387 lines (317 loc) · 13.9 KB

An HBase REPL

This is the beginnings of a tiny utility library for working with HBase in the REPL.

Author: Kyle Oba ;; mudphone ;; koba <!!asterisk> mudphone.com

QUICK START:

  1. clone the repo
  2. install leiningen (the Clojure dependency manager thingy): http://github.com/technomancy/leiningen
  3. go to project root dir $ cd hbase-runner
  4. install dependencies $ lein deps
  5. execute this command from the project root dir: $ ./hbase-repl.sh
  6. connect with this command: user=> (start-hbase-repl)
  7. do stuff, like list all tables: user=> (list-all-tables)
  8. see below for comprehensive set-up instructions...
  9. explore!

PROJECT GOALS:

  • Make this a comprehensive replacement for the HBase Shell.
  • Allow non-lisp programmers to use this tool with ease.
  • Allow ease of exploration of HBase data values and location.

What's new:

  • Now using HBase 0.20.3 for active development.

  • Connections to HBase are now configured via the config/connections.clj file. This is basically a Clojure map with connection settings. This means that hbase-site.xml is no longer required for hbase-runner to find your master.

Some notes:

  • The HBase jars must be on your classpath (including Zookeeper). They are currently included in lib/java and are put on the REPL classpath (if you use the included hbase-repl.sh script). If you do not use the hbase-repl.sh script, you have to add these jars to your classpath manually (or however you normally do it).

  • For rlwrap goodness at the REPL (including tab-completion):

    1. make sure you have rlwrap installed (you can get it from macports if you're a mac drone).
    2. Also, set up your ~/.inputrc file (a sample is in config/.inputrc).
    3. Then, create a ~/.clj_completions file (you can run utils/completions.clj to create one). Run this: $> hbase-repl.sh utils/completions.clj
    4. If that doesn't work for you, you can copy the .clj_completions.sample file to ~/.clj_completions
  • There's a test suite. But, it's not comprehensive yet. To run it, do this:

    1. Running tests from the command-line: $> ./run_tests.sh This is probably the best way to run all the tests at once.

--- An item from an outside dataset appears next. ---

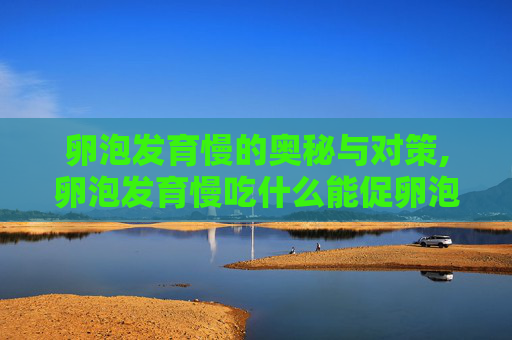 卵泡发育慢的奥秘与对策,卵泡发育慢吃什么能促卵泡发育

    2. Running tests from the Emacs REPL: If you have swank-clojure-project working, you can:

      • start a new swank clojure project: M-x swank-clojure-project
      • pass it the root dir of the hbase-runner project
      • start the hbase-runner REPL (connect to the test DB): user> (use 'hbase-runner.hbase-repl) user> (start-hbase-repl :test "hbr_spec")
      • open the spec file you want to run
      • run tests in the opened buffer C-c C-,
      • errors will be hilighted in red, for details, move the point and press C-c C-'
  • clj-stacktrace is loaded via the hbase-repl.sh shell script. So you have access to your last stack trace in a pretty format: > (pst) > (pst+) ; => same thing with color You can also load this, if you're using Emacs SLIME: > (use 'clj-stacktrace.repl)

Instructions for use:

Setup

If you are planning to run hbase-runner from Emacs you must set up the HBASE_RUNNER_HOME environment variable. Set this to where you cloned this project. $&gt; export HBASE_RUNNER_HOME=&lt;some/path&gt; $&gt; cd $HBASE_RUNNER_HOME

Configure your HBase connection by copying config/connections.template.clj to config/connections.clj and edit this file to reflect your HBase set-up. $&gt; cd config $&gt; cp connections.template.clj connections.clj $> emacs connections.clj

Running the HBase-Runner REPL

Via Script

To get a REPL, you can use the hbase-repl.sh script:

Run the included repl script: $> ./hbase-repl.sh

Note: Since hbase-repl.sh uses rlwrap, if you have it installed, you will get Clojure and HBase-Runner tab-completion! For example: > (truncate-t ;;=> (truncate-table See rlwrap note above to set up your list of completions.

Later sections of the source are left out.